» INSTRUCTIONS TO FOLLOW: Filter the lines below, keeping each one that holds "Mustang".

START THE RECORDS

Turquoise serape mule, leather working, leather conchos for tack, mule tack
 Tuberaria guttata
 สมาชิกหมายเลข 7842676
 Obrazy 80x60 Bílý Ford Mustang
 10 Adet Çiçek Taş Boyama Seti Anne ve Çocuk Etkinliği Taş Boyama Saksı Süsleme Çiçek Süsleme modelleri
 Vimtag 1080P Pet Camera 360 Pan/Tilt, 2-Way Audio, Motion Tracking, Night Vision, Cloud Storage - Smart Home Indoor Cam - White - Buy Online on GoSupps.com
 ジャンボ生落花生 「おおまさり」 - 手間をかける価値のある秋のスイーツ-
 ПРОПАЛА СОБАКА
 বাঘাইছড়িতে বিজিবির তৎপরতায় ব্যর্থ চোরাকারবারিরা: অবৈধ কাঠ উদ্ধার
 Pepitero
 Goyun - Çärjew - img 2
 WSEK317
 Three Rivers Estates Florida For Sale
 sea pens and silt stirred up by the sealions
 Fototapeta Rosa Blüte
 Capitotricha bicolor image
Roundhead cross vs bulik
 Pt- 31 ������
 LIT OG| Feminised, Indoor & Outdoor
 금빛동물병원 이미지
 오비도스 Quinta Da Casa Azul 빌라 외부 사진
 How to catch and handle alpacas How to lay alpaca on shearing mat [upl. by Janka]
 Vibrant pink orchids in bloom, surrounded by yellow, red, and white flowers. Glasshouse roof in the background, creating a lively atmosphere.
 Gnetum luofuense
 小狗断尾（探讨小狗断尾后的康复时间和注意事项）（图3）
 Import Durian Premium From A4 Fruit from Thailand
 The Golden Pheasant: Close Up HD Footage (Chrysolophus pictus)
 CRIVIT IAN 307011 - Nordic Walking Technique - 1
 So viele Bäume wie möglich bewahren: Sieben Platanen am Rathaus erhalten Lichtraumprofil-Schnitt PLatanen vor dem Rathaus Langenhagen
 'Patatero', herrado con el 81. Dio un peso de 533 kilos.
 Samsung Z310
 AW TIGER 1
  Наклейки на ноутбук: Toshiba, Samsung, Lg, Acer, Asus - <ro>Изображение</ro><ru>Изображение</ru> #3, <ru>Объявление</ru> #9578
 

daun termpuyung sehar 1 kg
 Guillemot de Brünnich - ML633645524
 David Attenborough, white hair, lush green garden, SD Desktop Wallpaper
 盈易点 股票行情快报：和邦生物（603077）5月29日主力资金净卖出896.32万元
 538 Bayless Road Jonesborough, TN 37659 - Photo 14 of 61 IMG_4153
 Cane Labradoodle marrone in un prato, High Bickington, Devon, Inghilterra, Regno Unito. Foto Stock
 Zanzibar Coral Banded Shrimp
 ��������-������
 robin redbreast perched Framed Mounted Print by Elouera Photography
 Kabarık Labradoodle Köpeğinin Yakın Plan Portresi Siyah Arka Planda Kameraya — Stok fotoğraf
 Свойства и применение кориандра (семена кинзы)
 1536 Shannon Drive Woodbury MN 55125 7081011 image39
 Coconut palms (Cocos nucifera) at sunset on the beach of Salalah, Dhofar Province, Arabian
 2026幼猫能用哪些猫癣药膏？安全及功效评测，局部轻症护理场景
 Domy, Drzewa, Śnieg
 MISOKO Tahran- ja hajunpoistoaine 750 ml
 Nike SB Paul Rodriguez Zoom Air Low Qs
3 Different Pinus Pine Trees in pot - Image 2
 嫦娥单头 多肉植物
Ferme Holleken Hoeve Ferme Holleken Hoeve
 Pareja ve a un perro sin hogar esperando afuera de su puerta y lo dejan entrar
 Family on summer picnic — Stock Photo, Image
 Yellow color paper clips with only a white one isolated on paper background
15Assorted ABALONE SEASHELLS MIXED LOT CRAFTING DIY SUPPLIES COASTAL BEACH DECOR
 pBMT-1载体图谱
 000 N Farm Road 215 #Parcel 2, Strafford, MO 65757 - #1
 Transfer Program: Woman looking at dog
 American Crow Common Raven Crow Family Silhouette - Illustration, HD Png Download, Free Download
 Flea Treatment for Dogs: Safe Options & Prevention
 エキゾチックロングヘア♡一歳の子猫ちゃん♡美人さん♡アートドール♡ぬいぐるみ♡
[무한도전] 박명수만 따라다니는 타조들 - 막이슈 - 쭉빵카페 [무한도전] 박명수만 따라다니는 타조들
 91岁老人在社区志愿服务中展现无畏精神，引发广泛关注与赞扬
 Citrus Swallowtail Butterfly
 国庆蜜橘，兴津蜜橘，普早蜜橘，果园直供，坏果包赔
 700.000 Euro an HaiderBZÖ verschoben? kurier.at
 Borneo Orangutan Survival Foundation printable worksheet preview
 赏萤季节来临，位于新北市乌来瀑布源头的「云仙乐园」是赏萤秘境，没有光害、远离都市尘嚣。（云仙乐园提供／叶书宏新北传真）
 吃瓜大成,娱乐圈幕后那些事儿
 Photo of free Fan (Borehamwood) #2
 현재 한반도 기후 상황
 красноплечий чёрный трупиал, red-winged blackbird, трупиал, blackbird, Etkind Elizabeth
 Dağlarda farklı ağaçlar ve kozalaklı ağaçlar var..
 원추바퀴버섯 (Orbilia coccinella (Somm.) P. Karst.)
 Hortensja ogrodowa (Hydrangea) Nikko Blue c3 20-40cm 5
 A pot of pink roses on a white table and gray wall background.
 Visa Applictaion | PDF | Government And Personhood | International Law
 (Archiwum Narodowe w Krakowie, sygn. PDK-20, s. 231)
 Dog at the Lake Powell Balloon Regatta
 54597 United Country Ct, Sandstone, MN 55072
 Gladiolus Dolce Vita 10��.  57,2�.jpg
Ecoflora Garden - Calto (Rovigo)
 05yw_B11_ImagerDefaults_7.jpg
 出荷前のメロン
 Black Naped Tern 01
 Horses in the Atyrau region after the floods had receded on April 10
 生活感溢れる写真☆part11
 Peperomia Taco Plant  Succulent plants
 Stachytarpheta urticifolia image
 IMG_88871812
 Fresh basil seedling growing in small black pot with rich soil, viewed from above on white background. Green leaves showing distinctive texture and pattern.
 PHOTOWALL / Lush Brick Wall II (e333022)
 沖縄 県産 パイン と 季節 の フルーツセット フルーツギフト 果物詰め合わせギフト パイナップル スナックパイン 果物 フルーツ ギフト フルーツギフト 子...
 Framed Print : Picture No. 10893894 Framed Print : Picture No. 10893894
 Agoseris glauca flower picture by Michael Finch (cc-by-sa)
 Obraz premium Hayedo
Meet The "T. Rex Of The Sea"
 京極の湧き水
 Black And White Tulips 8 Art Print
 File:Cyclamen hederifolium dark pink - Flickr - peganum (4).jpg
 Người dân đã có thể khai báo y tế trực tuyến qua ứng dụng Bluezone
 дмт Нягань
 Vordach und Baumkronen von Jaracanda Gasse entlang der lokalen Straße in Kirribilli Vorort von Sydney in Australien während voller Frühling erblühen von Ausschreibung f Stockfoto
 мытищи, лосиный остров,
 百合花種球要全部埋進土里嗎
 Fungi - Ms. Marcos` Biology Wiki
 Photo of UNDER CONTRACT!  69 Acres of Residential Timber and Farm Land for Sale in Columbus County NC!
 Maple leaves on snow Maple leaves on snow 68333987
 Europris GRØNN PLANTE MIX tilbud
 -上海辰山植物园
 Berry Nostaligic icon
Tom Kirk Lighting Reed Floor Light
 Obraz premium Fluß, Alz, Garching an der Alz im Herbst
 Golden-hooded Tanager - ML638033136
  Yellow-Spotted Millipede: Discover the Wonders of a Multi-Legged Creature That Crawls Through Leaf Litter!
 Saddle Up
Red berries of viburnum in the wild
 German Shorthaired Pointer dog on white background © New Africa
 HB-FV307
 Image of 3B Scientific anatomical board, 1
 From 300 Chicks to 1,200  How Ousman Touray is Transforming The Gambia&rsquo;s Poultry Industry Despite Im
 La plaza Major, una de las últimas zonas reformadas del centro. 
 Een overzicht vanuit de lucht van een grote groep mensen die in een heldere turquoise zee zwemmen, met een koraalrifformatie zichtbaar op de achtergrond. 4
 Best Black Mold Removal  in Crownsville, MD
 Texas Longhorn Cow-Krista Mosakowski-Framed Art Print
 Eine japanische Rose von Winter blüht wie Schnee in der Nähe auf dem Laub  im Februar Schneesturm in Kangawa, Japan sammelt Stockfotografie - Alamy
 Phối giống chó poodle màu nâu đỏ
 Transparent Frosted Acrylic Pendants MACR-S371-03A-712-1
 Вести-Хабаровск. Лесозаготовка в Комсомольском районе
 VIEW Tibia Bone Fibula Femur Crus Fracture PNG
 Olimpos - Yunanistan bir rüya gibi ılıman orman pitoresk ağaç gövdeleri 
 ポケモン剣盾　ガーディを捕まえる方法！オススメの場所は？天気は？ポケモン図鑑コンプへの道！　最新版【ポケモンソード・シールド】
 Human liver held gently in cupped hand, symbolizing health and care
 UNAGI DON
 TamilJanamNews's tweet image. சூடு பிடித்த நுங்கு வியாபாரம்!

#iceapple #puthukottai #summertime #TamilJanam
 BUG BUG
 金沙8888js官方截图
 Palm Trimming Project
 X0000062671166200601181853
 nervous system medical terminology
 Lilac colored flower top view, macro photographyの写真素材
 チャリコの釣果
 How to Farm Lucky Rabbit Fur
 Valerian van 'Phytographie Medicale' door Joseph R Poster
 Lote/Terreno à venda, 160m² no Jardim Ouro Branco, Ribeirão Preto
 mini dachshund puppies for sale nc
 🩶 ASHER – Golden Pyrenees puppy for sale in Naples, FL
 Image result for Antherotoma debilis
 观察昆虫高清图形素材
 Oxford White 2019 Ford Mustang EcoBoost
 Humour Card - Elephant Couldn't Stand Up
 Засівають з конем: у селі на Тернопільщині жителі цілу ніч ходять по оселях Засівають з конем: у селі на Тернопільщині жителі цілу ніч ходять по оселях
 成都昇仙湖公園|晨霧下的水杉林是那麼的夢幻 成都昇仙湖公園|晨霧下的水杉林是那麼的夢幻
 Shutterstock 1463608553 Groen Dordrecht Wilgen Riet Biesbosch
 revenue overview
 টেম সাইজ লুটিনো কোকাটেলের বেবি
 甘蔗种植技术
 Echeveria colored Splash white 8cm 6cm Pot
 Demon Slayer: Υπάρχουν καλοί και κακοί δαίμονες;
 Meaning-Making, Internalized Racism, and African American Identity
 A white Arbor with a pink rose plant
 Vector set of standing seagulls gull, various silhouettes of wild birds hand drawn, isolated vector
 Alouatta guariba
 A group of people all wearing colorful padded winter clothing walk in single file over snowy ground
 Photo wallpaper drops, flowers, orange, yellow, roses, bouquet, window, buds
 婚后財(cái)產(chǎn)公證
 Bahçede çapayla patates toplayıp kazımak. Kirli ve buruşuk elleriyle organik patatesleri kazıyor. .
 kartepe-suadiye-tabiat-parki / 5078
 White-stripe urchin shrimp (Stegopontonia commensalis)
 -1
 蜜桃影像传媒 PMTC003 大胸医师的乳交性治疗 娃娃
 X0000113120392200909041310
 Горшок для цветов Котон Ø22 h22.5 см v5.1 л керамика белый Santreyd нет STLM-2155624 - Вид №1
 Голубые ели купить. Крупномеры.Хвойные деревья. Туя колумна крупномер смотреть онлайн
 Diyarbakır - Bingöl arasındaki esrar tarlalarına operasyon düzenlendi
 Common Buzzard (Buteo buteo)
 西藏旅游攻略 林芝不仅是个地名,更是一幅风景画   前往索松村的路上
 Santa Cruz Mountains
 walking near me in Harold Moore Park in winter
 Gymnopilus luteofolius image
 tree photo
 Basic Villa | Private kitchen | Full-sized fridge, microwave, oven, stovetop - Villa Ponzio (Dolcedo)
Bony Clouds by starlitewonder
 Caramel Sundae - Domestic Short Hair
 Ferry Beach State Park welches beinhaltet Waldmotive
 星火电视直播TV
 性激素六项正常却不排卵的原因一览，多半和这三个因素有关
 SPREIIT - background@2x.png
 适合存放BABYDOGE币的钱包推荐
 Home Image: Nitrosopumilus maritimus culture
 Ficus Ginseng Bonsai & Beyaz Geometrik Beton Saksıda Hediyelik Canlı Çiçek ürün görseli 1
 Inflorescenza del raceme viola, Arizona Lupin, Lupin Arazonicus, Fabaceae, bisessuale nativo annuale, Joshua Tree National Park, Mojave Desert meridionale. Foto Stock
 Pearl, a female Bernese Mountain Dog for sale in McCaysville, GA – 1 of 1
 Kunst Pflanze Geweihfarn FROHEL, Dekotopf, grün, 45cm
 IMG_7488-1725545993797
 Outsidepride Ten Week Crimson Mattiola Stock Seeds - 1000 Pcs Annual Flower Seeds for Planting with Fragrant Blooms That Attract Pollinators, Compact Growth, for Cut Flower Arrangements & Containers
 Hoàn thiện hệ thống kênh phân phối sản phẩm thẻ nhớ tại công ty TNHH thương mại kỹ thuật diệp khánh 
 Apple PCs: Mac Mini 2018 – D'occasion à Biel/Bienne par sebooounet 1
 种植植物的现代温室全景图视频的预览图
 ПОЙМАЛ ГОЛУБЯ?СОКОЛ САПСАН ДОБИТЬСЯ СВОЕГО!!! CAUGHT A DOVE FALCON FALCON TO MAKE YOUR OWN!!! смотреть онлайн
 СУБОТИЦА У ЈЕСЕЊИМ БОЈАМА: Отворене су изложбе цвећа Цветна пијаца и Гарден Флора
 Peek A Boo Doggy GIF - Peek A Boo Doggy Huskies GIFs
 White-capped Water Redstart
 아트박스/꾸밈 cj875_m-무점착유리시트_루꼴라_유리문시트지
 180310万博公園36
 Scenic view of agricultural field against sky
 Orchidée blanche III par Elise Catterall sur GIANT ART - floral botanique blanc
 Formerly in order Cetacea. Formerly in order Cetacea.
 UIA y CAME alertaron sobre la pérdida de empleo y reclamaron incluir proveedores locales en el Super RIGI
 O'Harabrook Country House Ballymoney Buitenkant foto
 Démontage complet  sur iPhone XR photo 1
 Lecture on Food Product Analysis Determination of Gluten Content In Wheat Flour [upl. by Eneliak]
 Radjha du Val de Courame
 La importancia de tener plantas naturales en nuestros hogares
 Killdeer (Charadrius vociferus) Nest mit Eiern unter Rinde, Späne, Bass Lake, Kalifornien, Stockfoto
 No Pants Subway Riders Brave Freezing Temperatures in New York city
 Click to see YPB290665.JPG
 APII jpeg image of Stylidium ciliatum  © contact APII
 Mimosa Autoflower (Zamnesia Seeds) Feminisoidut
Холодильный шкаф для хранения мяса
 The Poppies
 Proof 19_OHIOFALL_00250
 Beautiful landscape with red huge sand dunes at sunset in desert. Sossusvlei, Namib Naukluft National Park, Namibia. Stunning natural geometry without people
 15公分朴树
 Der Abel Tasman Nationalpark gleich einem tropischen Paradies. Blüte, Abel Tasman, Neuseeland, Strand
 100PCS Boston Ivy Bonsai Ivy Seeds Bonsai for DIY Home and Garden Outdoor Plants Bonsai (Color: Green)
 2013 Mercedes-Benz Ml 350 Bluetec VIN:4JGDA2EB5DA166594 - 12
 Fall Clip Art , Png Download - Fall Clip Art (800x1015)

END THE RECORDS

» RESPONSE:
 Obrazy 80x60 Bílý Ford Mustang
 Oxford White 2019 Ford Mustang EcoBoost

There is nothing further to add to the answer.